4) The problem that bugs cannot be fixed because the resulting user 
experience would as often be worse as it would be better, is probably 
not easily solved with technical measures. Maybe if speech synthesis 
improves enough that people will *want* to listen to their book instead 
of reading it, or if browsers and reading devices offer an easy switch 
so that the user can try which of the document's different style sheets 
gives the best result, then authors and designers will do more effort to 
use the features that make each media interesting.

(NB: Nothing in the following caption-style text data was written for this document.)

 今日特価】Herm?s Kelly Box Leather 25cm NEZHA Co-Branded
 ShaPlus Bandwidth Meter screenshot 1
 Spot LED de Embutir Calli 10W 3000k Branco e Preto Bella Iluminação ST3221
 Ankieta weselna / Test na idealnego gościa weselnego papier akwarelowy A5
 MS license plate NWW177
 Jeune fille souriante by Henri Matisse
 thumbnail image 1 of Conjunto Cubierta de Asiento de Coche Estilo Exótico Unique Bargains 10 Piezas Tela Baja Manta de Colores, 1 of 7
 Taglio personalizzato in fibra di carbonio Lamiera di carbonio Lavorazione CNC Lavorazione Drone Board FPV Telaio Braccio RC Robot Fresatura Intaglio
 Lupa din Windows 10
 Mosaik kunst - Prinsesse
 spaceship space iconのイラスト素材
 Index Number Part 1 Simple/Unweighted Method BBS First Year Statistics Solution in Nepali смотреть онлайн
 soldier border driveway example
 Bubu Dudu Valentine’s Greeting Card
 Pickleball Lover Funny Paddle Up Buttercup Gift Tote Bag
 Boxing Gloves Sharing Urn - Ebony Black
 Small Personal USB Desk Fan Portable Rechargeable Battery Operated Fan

There is a lack of knowledge, at least a lack of widely shared 
knowledge, and probably a lack of research, on how to make e-readers 
accessible. E.g., is it interesting for a listener to know that the 
visual representation is paginated, and if so, what parts of the 
generated text (running headers, page numbers, references to page 
numbers, etc.) should be spoken and which should be omitted?

5) The notion of "intrinsic size" in CSS is so far only defined for 
external resources with a fixed aspect ratio. CSS can handle 
transclusions where, when the style sheet sets the width, the height is 
always the width times a certain constant. But the intrinsic size of a 
text document works differently: when you increase the width, the height 
typically *decreases,* and not in a linear way. Maybe all that is needed 
for an author is a simple keyword to indicate that the height depends: 
'height: min-content'. But there may be security/privacy implications 
that make the definition tricky. If the device supports JavaScript, a 
script may derive information from the resulting size of a transcluded 
resource (e.g., that it failed to load) and send that information 
somewhere, even if it cannot see what is inside the transclusion.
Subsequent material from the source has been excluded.